§ **REQUIRED ACTION**
After finding the line with "Cross-border fanny pack", restate it and each remaining line of the material word for word, omitting every picture.

§ **AVAILABLE DATA**
____

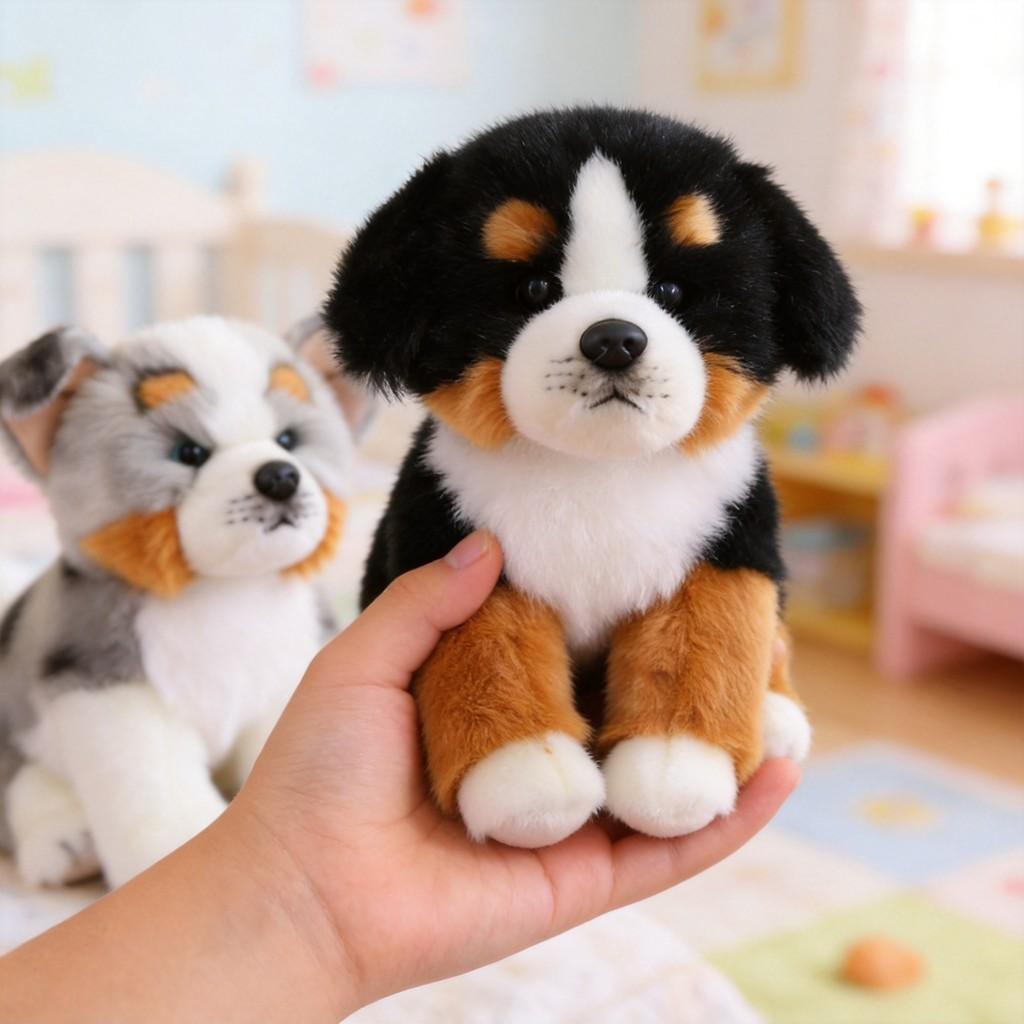 Plush Dog Toy Bernese Mountain Dog Stuffed Animal Gift For Kids And Adults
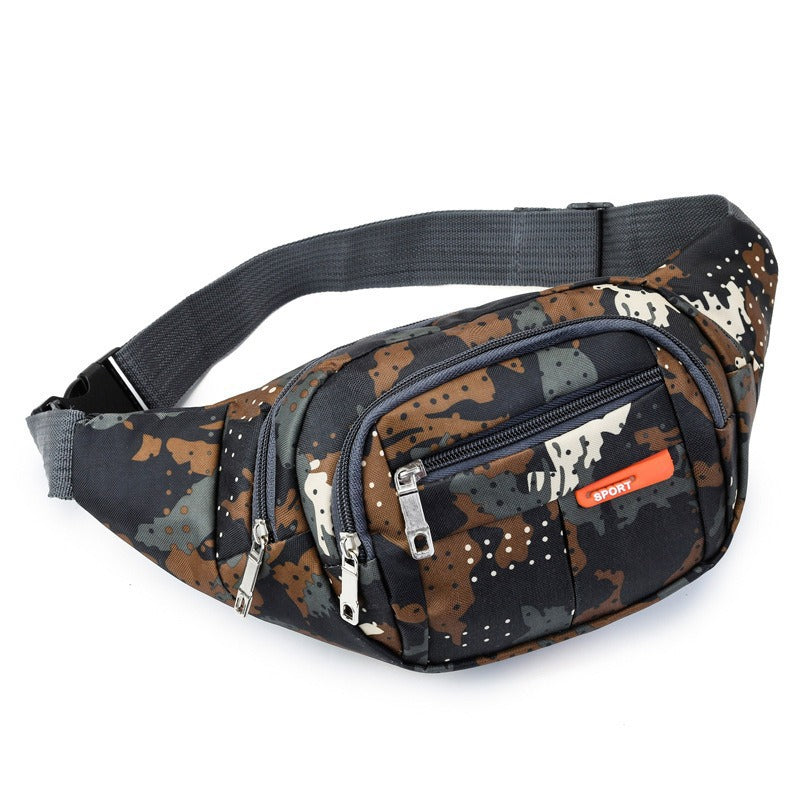 Cross-border fanny pack Men's outdoor sports Mountaineering Men's breast bag Canvas mobile phone bag Construction site work cashier messenger bag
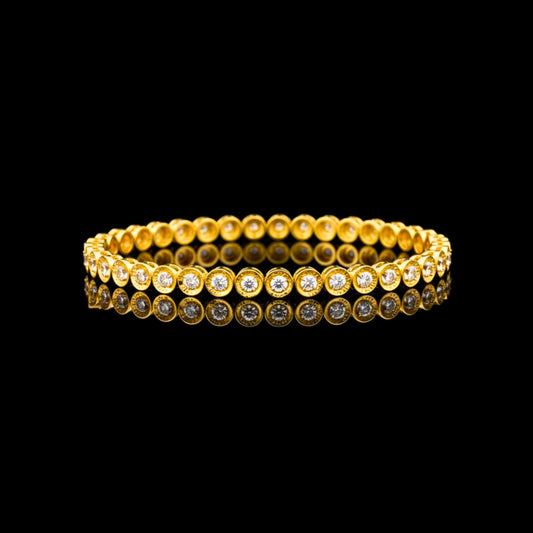 1.08 TCW Modern Elegance Bezel Set Lab Diamond Tennis Bracelet in Gold Sparkle For Her By Ivevar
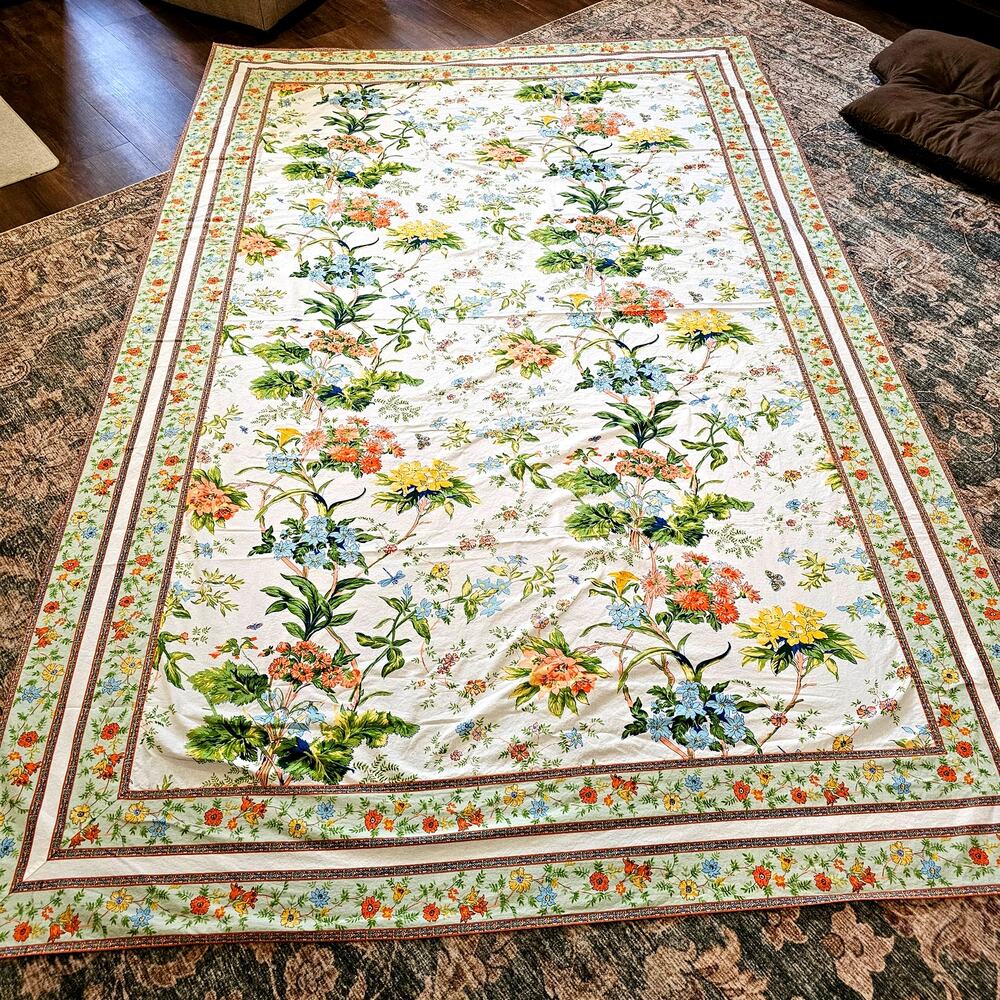 Company Store Floral Cotton Tablecloth 70x108 Garden Print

____

§ **REPLY TO THE TASK**
 Cross-border fanny pack Men's outdoor sports Mountaineering Men's breast bag Canvas mobile phone bag Construction site work cashier messenger bag
 1.08 TCW Modern Elegance Bezel Set Lab Diamond Tennis Bracelet in Gold Sparkle For Her By Ivevar
 Company Store Floral Cotton Tablecloth 70x108 Garden Print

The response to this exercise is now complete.